Visite fiscali per malattia: queste le novità in arrivo

(websource/archivio)

Dal primo gennaio 2017, cambiano le regole sulla visita fiscale per i lavoratori che si mettono in malattia, con controlli che scattano il primo giorno di assenza anche per i lavoratori privati e il medico fiscale inviato d’ufficio. Lo spiega il portale ‘laleggepertutti.it’, evidenziando che onde evitare sanzioni severe la prima cosa da fare quando ci si ammala è avvertire il datore di lavoro. In ogni caso, ciò dipende dal contratto collettivo di lavoro applicato dall’azienda per la quale si lavora.

Di regola, occorre avvertire prima dell’inizio del turno di lavoro per questa tipologia di aziende: telecomunicazioni, terziario e commercio, turismo, gomma/plastica, carta, tessile/abbigliamento/confezioni, grafica /editoria, alimentare; entro 2 ore dall’inizio del turno lavorativo per le aziende che applicano il Ccnl Autotrasporto; entro 4 ore dall’inizio del turno lavorativo per le aziende di autotrasporto, con specifico riferimento al personale viaggiante e soggetto a turni continui avvicendati, legno/arredamento, chimica, calzature e infine, entro il primo giorno di assenza per le aziende che applicano il Ccnl Metalmeccanica.

Se si è davanti a giustificato e comprovato impedimento non vige l’obbligo di avvertire, mentre se l’inadempimento non viene giustificato, il datore di lavoro può sanzionare il dipendente, anche se il certificato medico è inviato nei termini. Per avere il certificato medico, occorre recarsi tempestivamente da proprio medico curante, ovvero entro 48 ore. Quindi il medico trasmetterà il certificato di malattia, con la diagnosi, la prognosi e l’indirizzo nel quale il dipendente è reperibile, in via telematica all’Inps e rilascerà una ricevuta col numero di protocollo. In caso di assenza del medico, è possibile recarsi da un altro medico convenzionato col servizio sanitario nazionale (Ssn) o dalla guardia medica. In caso di ricovero, è l’ospedale a dover inviare il certificato medico.

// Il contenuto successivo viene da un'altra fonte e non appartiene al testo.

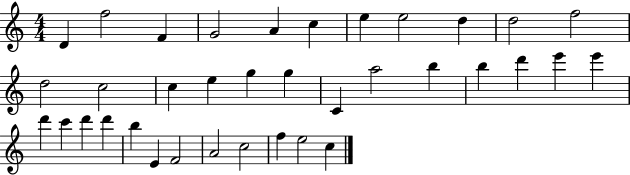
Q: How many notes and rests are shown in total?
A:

Bisogna poi rendersi reperibile per la visita fiscale, rispettando anche degli orari di reperibilità: dalle 10 alle 12 e dalle 17 alle 19, se si è dipendenti del settore privato; dalle 9 alle 13 e dalle 15 alle 18, se si è dipendente pubblico. Vi sono dei casi di esonero rispetto alle fasce di reperibilità: riguardano il ricovero presso una struttura sanitaria; l’esistenza di una patologia grave che richiede cure salvavita, come patologie cardiache, pazienti con patologie oncologiche, dializzati; l’infortunio sul lavoro e la malattia professionale; una malattia correlata a un’eventuale invalidità o menomazione del dipendente. Ci sono poi casi specifici in cui è il medico curante che decide se il lavoratore va esonerato dalla visita fiscale. Si hanno 15 giorni di tempo per giustificare la propria assenza alla visita fiscale: in caso di assenza ingiustificata al controllo domiciliare, la sanzione comporta la perdita del 100% della retribuzione per i primi 10 giorni di malattia, a meno che il lavoratore non sia convocato prima a una seconda visita.